Source information START

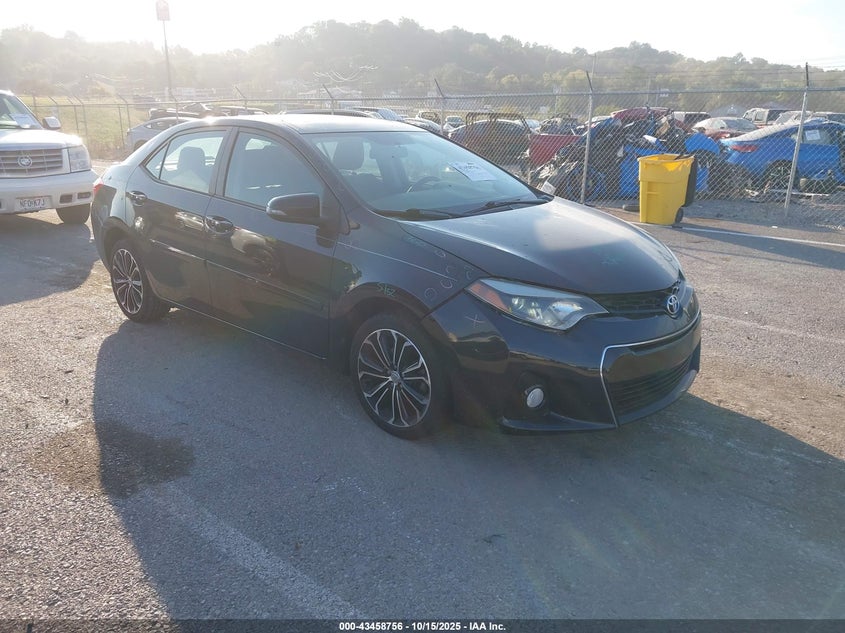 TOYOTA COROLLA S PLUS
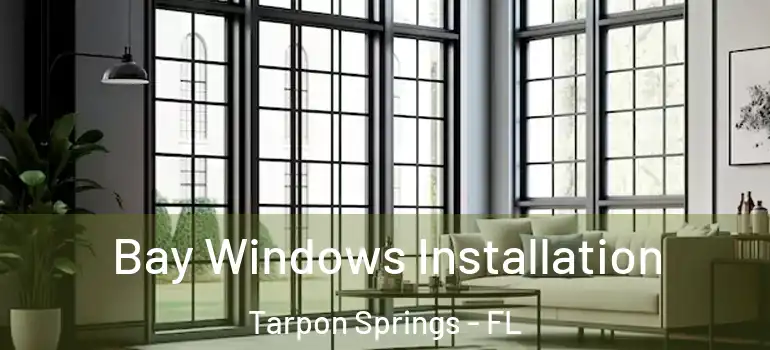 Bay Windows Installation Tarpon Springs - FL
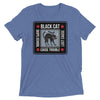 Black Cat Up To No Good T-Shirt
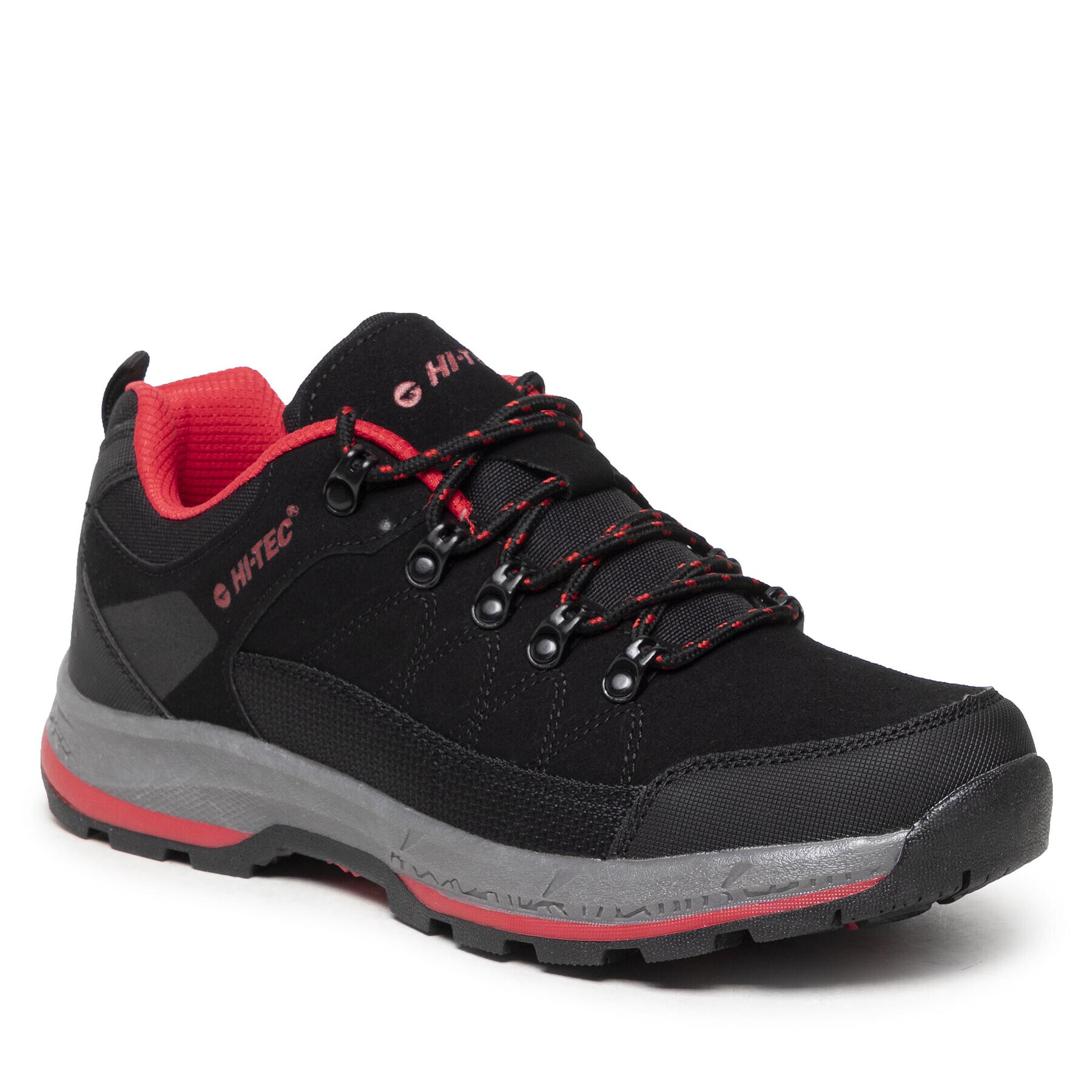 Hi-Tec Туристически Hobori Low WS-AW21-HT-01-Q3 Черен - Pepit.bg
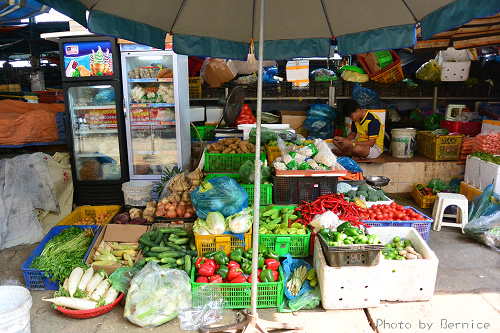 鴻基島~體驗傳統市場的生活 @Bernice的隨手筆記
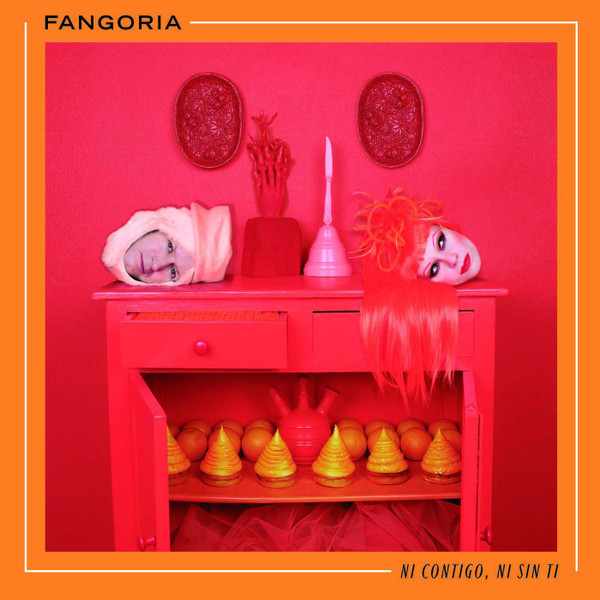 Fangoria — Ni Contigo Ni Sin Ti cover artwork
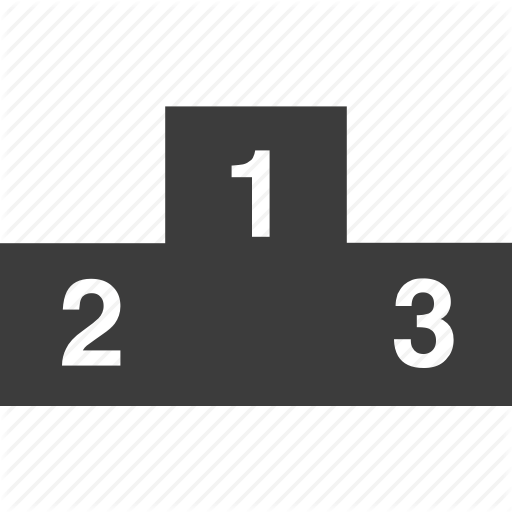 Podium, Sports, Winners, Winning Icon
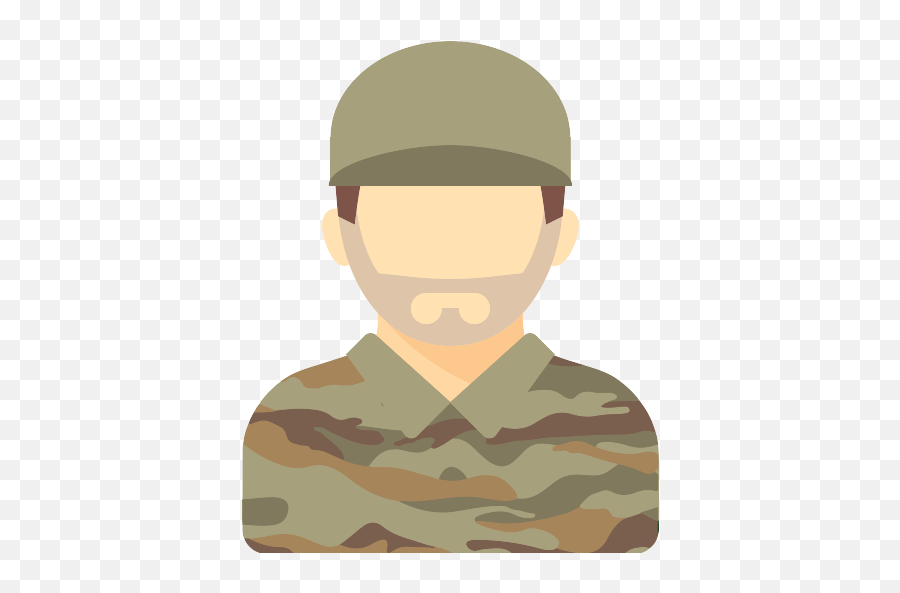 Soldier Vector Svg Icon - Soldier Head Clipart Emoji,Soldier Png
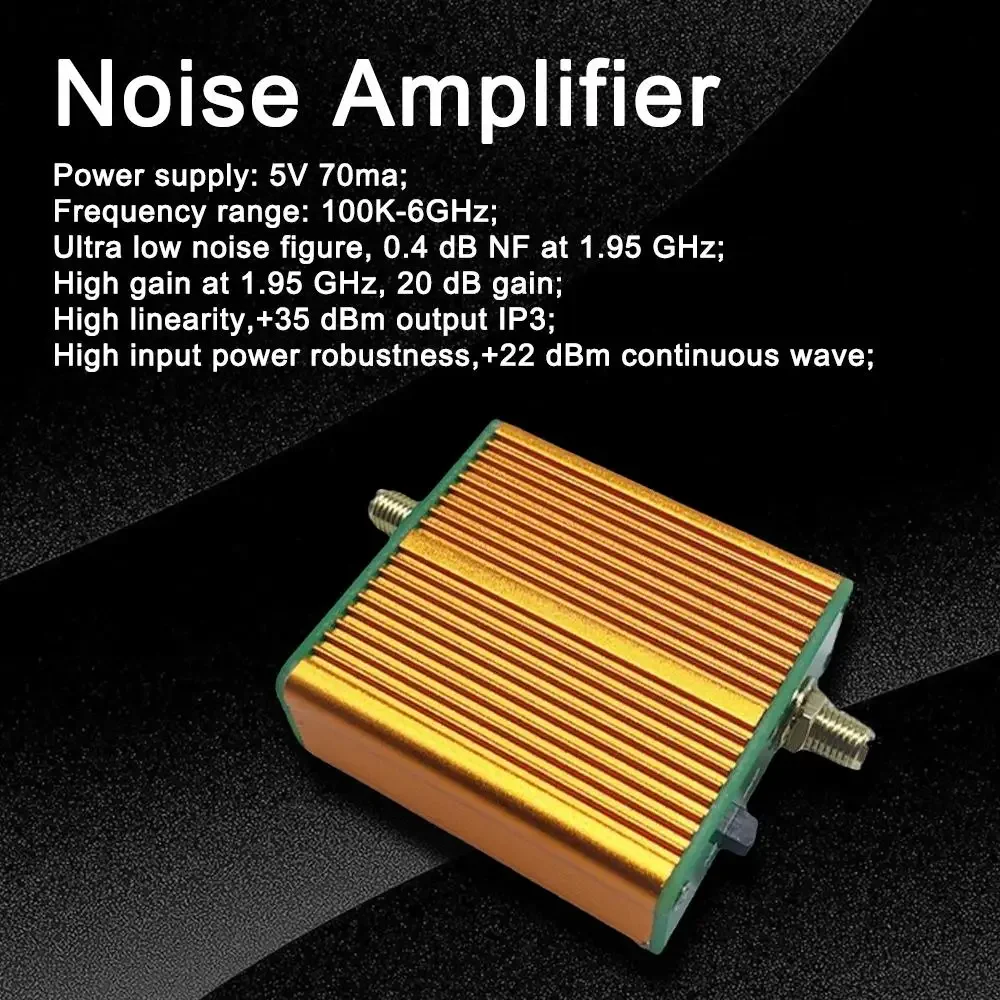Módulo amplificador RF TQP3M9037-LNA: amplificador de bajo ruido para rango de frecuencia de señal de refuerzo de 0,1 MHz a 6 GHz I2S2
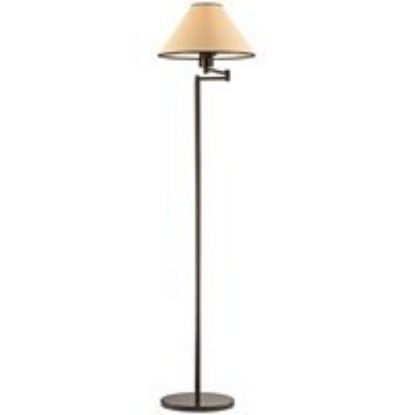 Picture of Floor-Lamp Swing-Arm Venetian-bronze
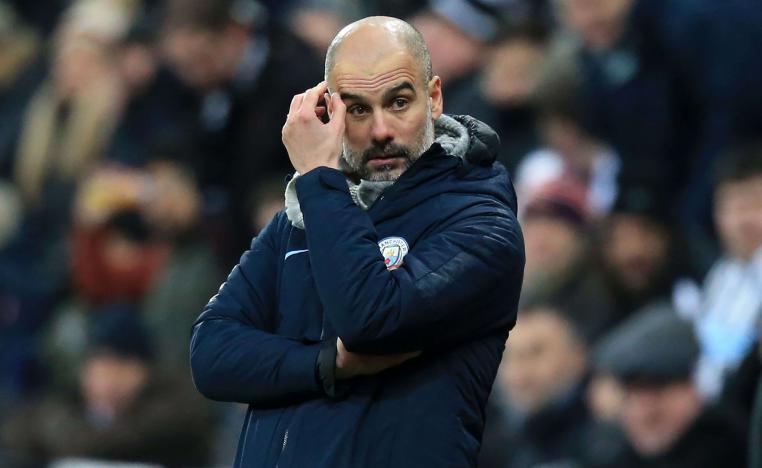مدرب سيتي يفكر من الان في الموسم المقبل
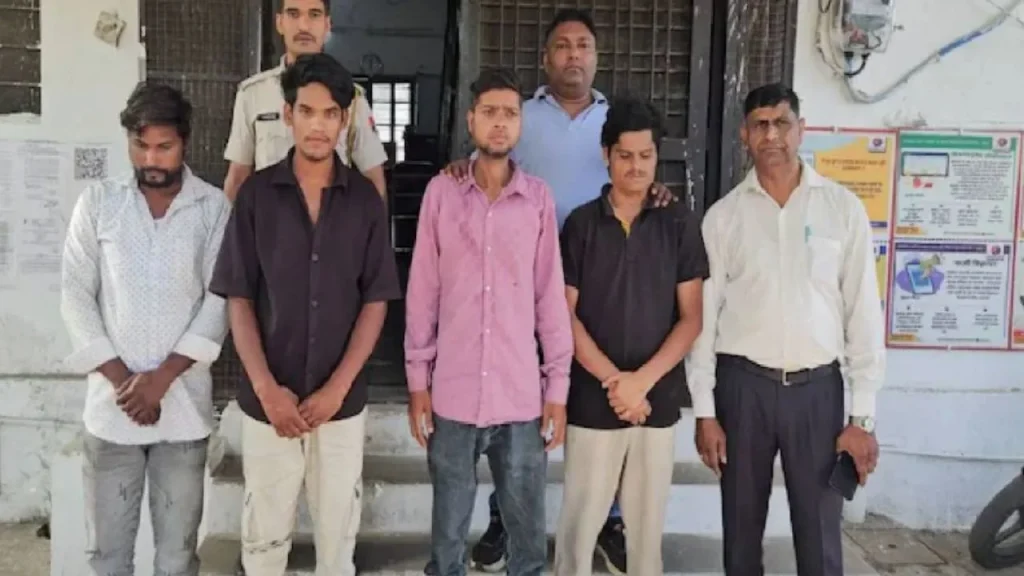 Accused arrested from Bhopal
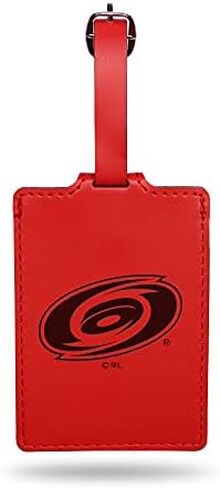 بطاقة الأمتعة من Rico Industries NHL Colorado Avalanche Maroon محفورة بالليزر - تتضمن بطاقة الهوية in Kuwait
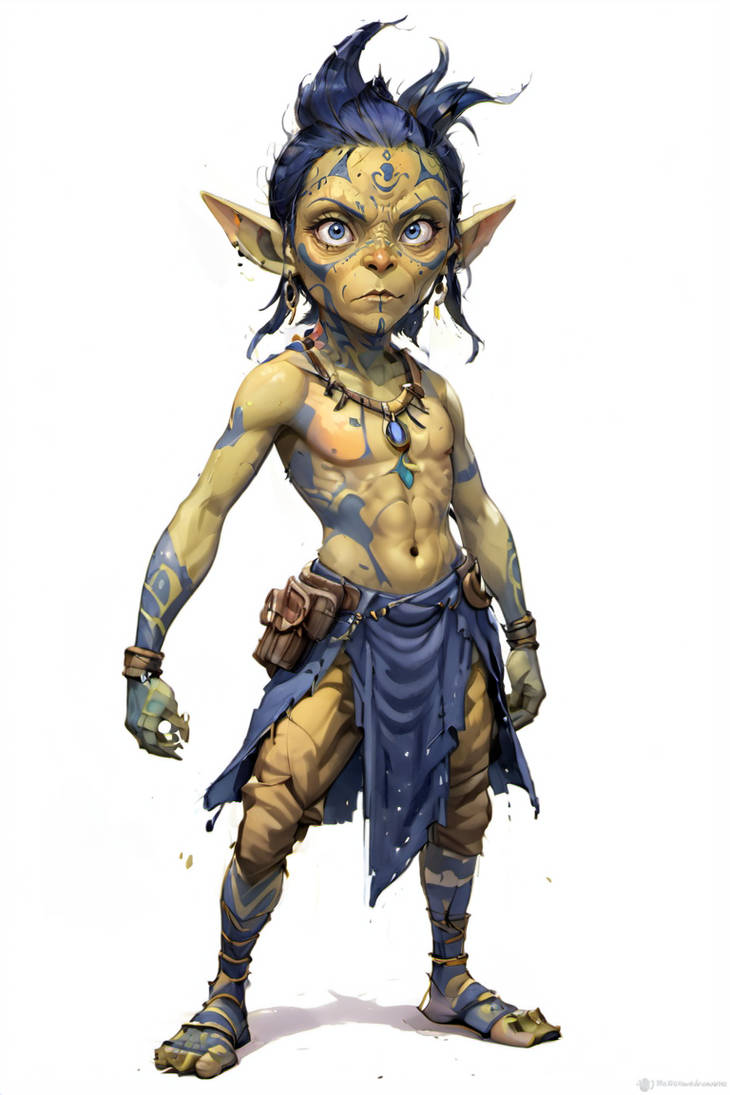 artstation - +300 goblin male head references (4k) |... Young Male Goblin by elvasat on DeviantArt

Source information END

Task directions. Write out all the entries precisely as given, omitting each image.

Exercise response.
 TOYOTA COROLLA S PLUS
 Bay Windows Installation Tarpon Springs - FL
 Black Cat Up To No Good T-Shirt
 Hi-Tec Туристически Hobori Low WS-AW21-HT-01-Q3 Черен - Pepit.bg
 鴻基島~體驗傳統市場的生活 @Bernice的隨手筆記
 Fangoria — Ni Contigo Ni Sin Ti cover artwork
 Podium, Sports, Winners, Winning Icon
 Soldier Vector Svg Icon - Soldier Head Clipart Emoji,Soldier Png
Módulo amplificador RF TQP3M9037-LNA: amplificador de bajo ruido para rango de frecuencia de señal de refuerzo de 0,1 MHz a 6 GHz I2S2
 Picture of Floor-Lamp Swing-Arm Venetian-bronze
مدرب سيتي يفكر من الان في الموسم المقبل
 Accused arrested from Bhopal
 بطاقة الأمتعة من Rico Industries NHL Colorado Avalanche Maroon محفورة بالليزر - تتضمن بطاقة الهوية in Kuwait
 artstation - +300 goblin male head references (4k) |... Young Male Goblin by elvasat on DeviantArt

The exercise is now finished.